Portrait Julia Fraunlob

Die folgenden Interviewfragen habe ich schriftlich beantwortet:

1. Bitte stelle dich den Leserinnen kurz vor:

Ich bin Tänzerin, Tanzpädagogin und Kultur- und Sozialanthropologin. Ich lebe und arbeite in Wien, wo ich auch geboren und aufgewachsen bin. Meine Liebe zum Tanz hat sich jedoch auf meinen zahlreichen Reisen und in der Begegnung mit anderen Kulturen entwickelt.
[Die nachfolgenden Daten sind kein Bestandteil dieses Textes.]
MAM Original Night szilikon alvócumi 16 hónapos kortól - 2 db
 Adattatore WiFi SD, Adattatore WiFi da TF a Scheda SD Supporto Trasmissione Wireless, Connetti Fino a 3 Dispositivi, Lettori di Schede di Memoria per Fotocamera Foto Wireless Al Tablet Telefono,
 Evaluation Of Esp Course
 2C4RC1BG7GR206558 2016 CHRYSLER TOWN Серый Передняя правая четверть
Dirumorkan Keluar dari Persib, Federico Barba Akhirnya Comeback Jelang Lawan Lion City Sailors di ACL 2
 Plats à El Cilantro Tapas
2.Wo liegt dein tänzerischer Hintergrund?

Meine erste intensivere Beschäftigung mit Tanz hat während meiner langen Reisen in Westafrika Ende der 1990er Jahre begonnen. Der enorme Stellenwert, den der Tanz dort damals hatte – sowohl die traditionellen afrikanischen Tänze als auch die kommerzialisierten Formen in den Tanzclubs – hat mich sehr geprägt. Parallel dazu praktizierte ich lateinamerikanische Tänze und vertiefte meine Kenntnisse bei mehreren Aufenthalten in Kuba. Im Herbst 1998 folgte eine Indien-Reise. Aufgrund anhaltender Regenfälle ging ich oft ins Kino. Eine mitreißende, ausgelassene, bunte Tanzszene auf einem Dach eines Zugs, der sich durch eine wunderschöne Landschaft schlängelte im Bollywood-Film „Dil-Se“ entzündete meine nachhaltige Leidenschaft für den Indischen Filmtanz. Einige Jahre später gab es in Wien die Gelegenheit diesen Tanz zu erlernen und seit 2006 bin ich Mitglied der Bollywood-Tanzgruppe Padma Dance Company.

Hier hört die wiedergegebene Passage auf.